Data extracts:
········
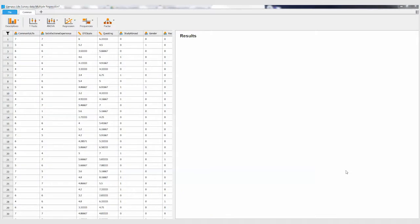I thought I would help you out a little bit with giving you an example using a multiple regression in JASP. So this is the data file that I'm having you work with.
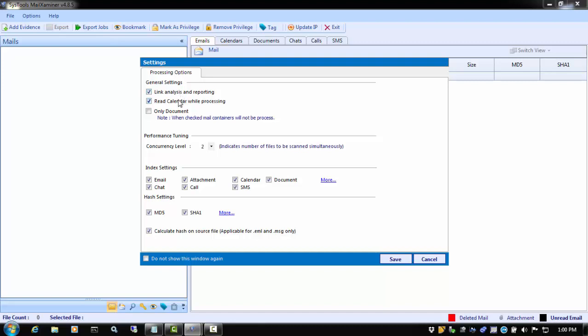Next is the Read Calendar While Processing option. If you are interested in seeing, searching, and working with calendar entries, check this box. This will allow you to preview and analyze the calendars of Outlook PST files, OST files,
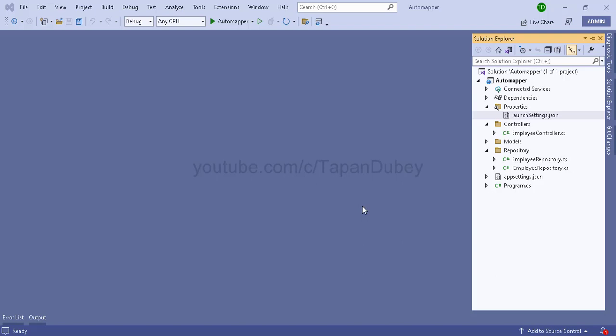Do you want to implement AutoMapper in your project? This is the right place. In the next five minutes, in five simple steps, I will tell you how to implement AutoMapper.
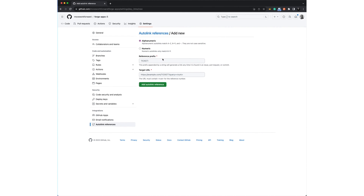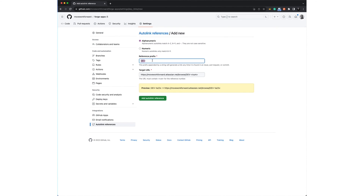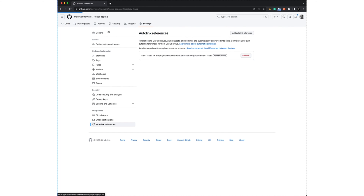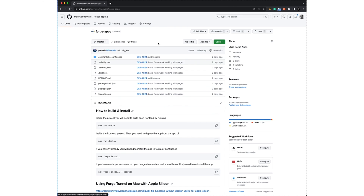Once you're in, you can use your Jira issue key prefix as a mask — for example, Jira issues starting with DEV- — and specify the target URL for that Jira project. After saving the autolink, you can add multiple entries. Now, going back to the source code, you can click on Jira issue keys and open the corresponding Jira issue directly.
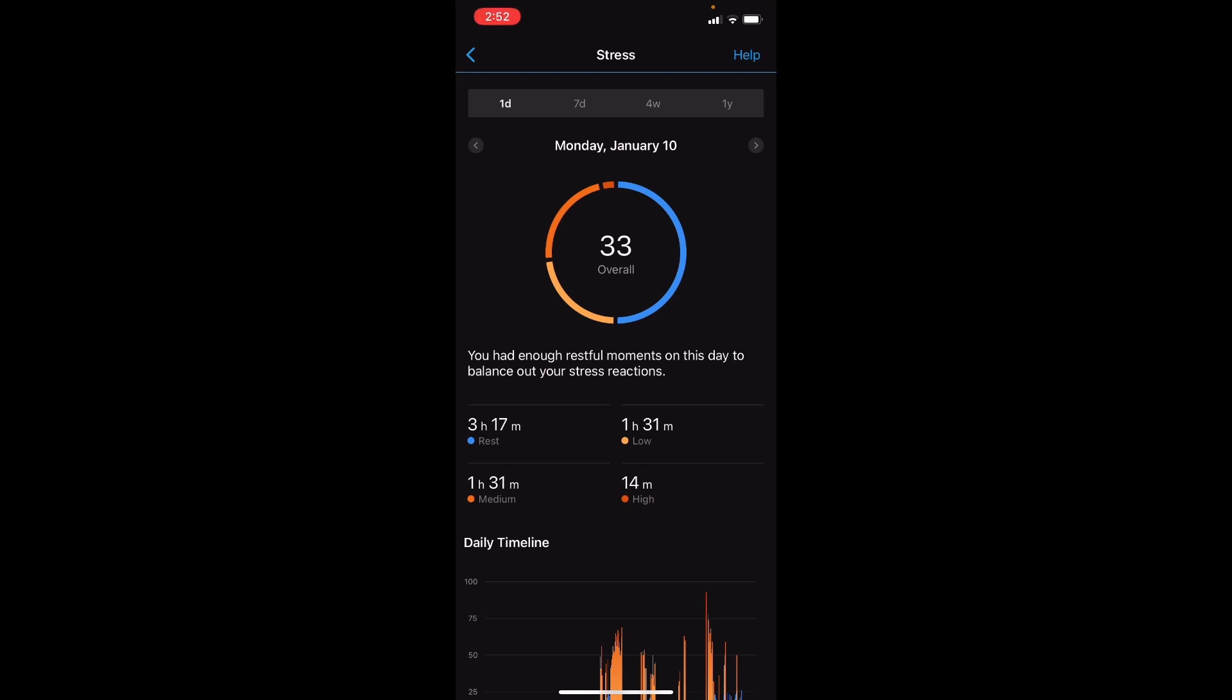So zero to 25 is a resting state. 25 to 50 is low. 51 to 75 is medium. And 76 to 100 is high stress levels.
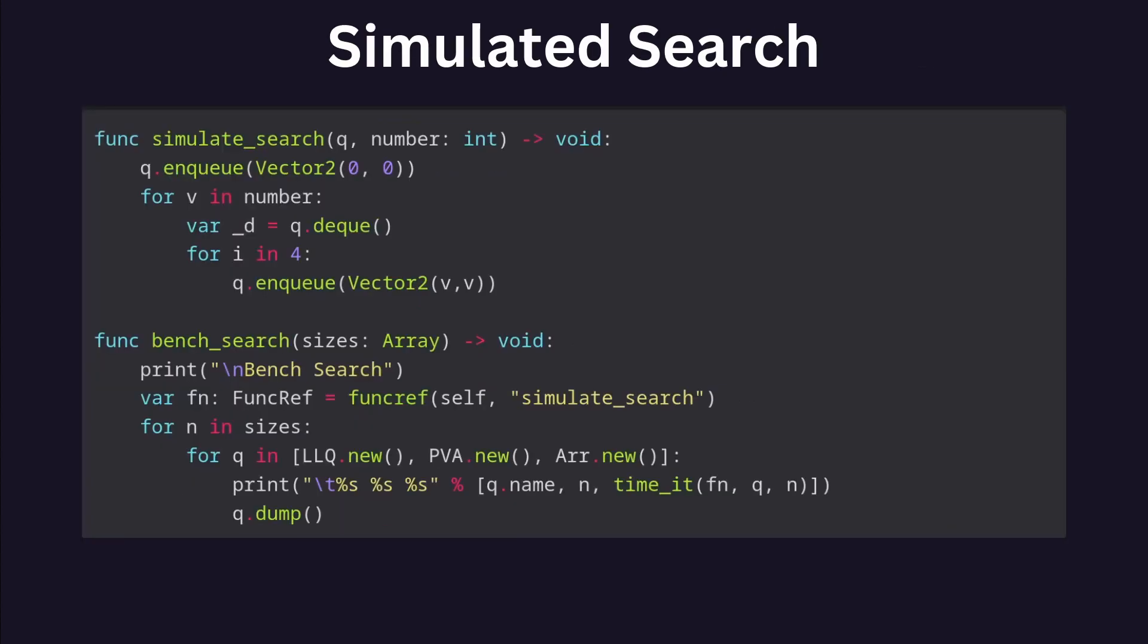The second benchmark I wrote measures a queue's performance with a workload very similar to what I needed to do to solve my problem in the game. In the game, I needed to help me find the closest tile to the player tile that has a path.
········
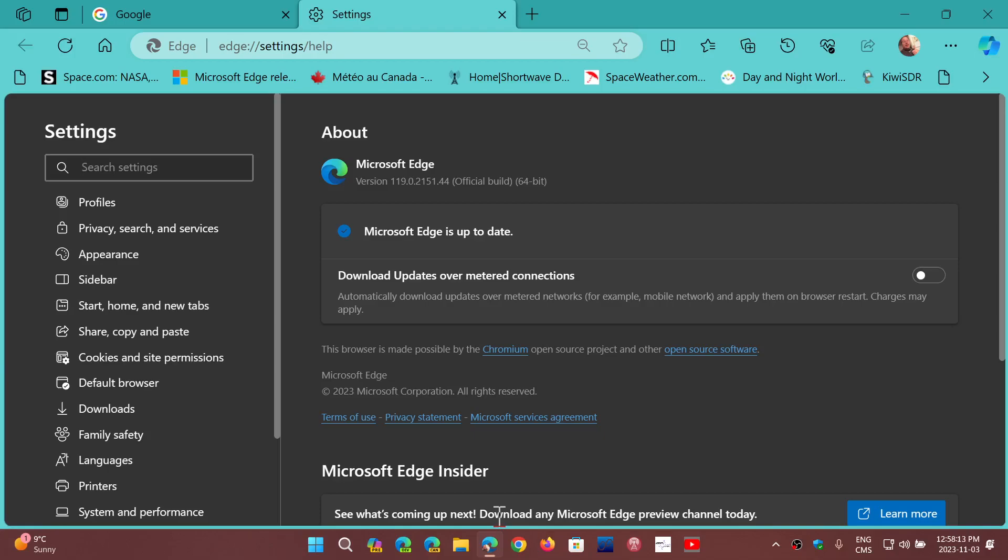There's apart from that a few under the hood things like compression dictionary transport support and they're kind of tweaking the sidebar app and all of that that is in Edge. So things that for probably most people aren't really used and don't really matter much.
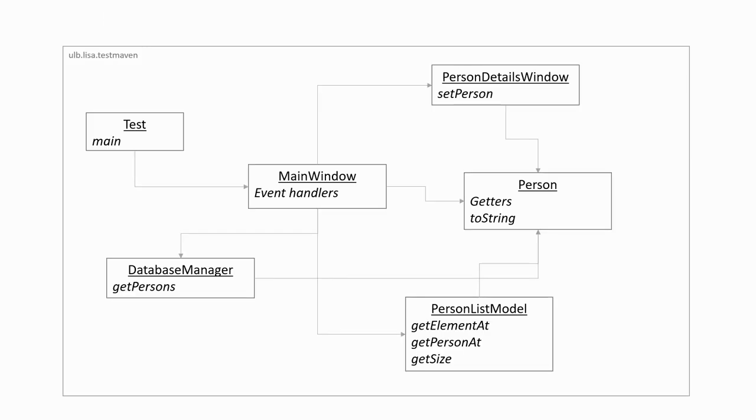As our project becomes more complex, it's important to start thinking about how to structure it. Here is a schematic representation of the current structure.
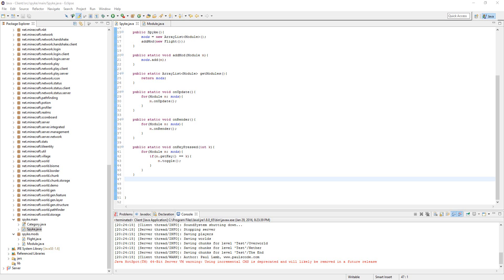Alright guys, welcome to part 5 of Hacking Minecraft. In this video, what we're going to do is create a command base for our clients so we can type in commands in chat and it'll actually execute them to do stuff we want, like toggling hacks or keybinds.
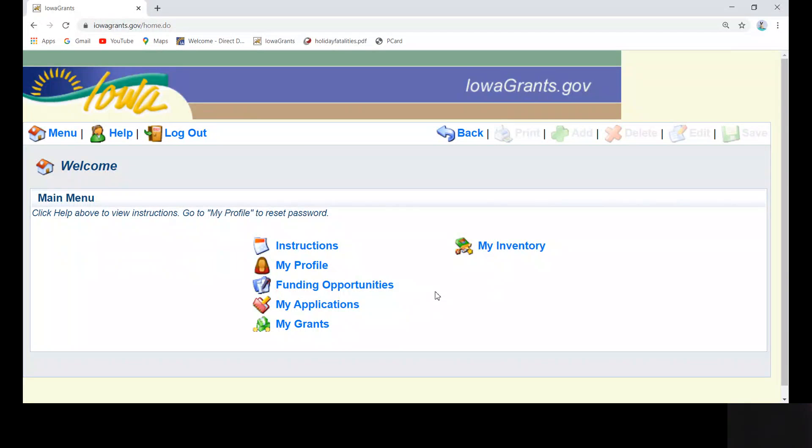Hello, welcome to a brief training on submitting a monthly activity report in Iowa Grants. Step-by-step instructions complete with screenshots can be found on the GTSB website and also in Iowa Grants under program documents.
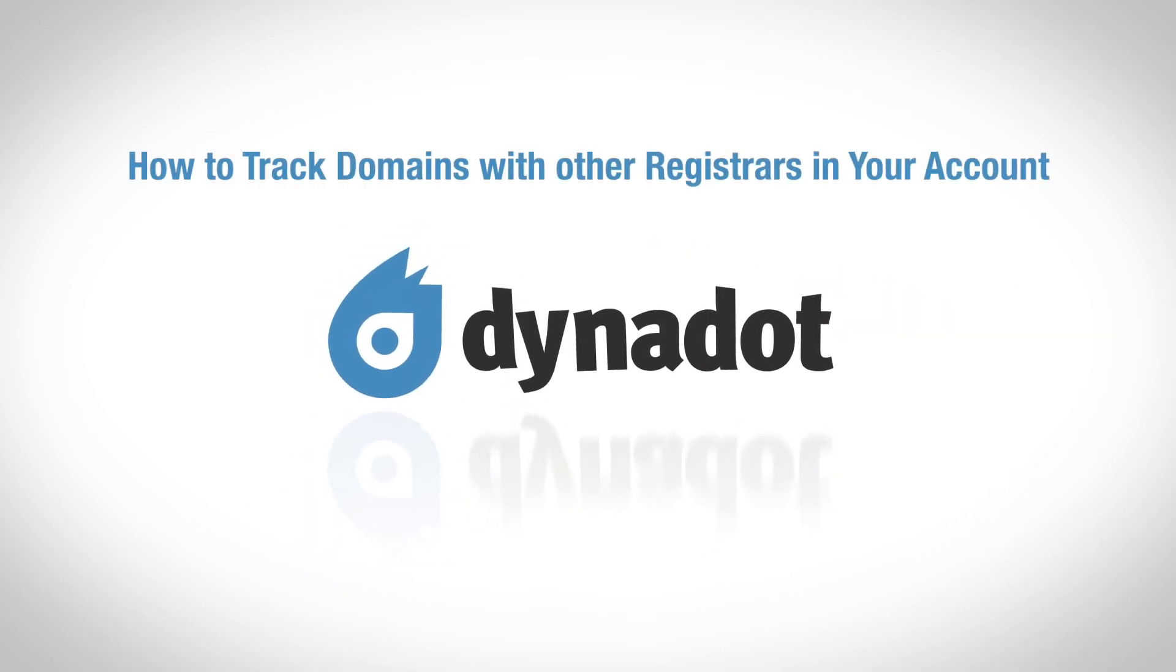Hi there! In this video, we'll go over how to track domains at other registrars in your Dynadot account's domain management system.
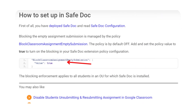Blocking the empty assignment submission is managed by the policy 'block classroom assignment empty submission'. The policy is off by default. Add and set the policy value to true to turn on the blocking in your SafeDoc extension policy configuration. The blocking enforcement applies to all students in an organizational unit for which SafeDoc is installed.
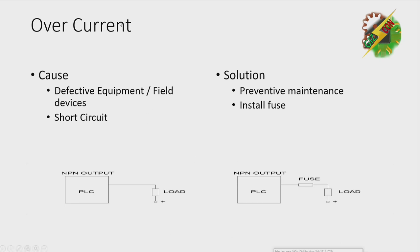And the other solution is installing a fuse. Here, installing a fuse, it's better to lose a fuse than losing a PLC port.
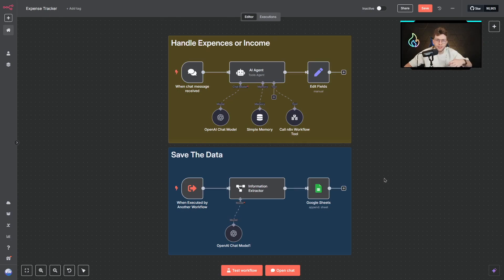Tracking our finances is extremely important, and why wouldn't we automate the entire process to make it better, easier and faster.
········
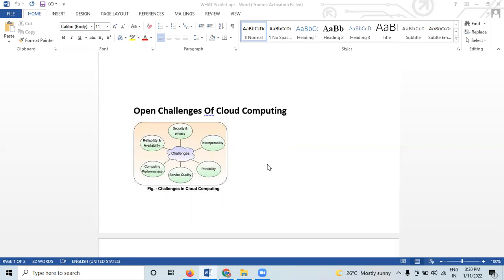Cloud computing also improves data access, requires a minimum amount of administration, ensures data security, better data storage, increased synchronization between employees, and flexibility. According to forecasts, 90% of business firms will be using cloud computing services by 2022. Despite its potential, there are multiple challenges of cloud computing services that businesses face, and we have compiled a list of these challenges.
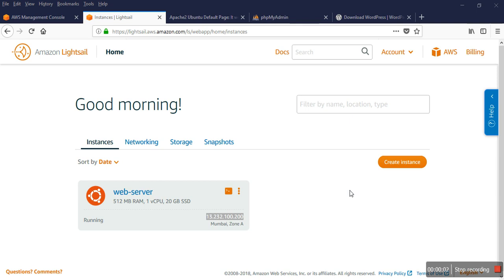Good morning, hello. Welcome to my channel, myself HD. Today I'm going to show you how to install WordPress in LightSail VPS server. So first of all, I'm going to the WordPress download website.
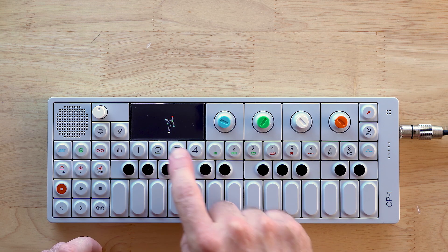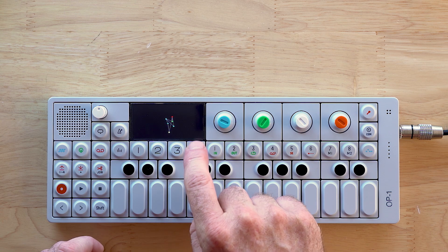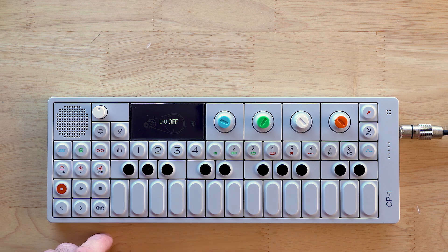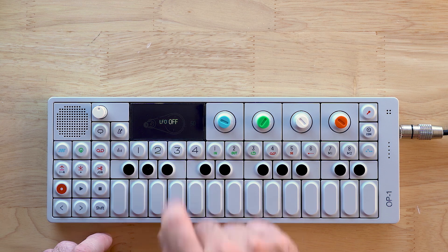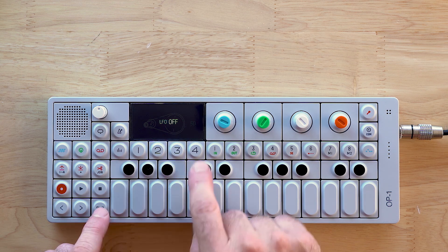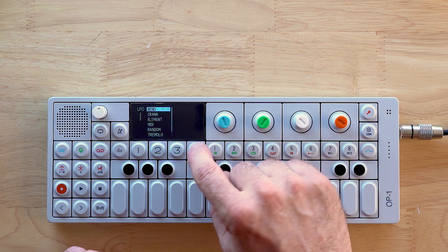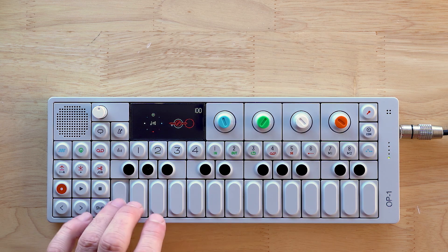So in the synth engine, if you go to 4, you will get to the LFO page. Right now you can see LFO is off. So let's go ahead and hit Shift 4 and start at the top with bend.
········
About this task: Could the stretch from the line with "Cloud computing also" through the line with "So in the synth" in the listing above be restated word for word, minus the pictures?

Written response:
Cloud computing also improves data access, requires a minimum amount of administration, ensures data security, better data storage, increased synchronization between employees, and flexibility. According to forecasts, 90% of business firms will be using cloud computing services by 2022. Despite its potential, there are multiple challenges of cloud computing services that businesses face, and we have compiled a list of these challenges.
Good morning, hello. Welcome to my channel, myself HD. Today I'm going to show you how to install WordPress in LightSail VPS server. So first of all, I'm going to the WordPress download website.
So in the synth engine, if you go to 4, you will get to the LFO page. Right now you can see LFO is off. So let's go ahead and hit Shift 4 and start at the top with bend.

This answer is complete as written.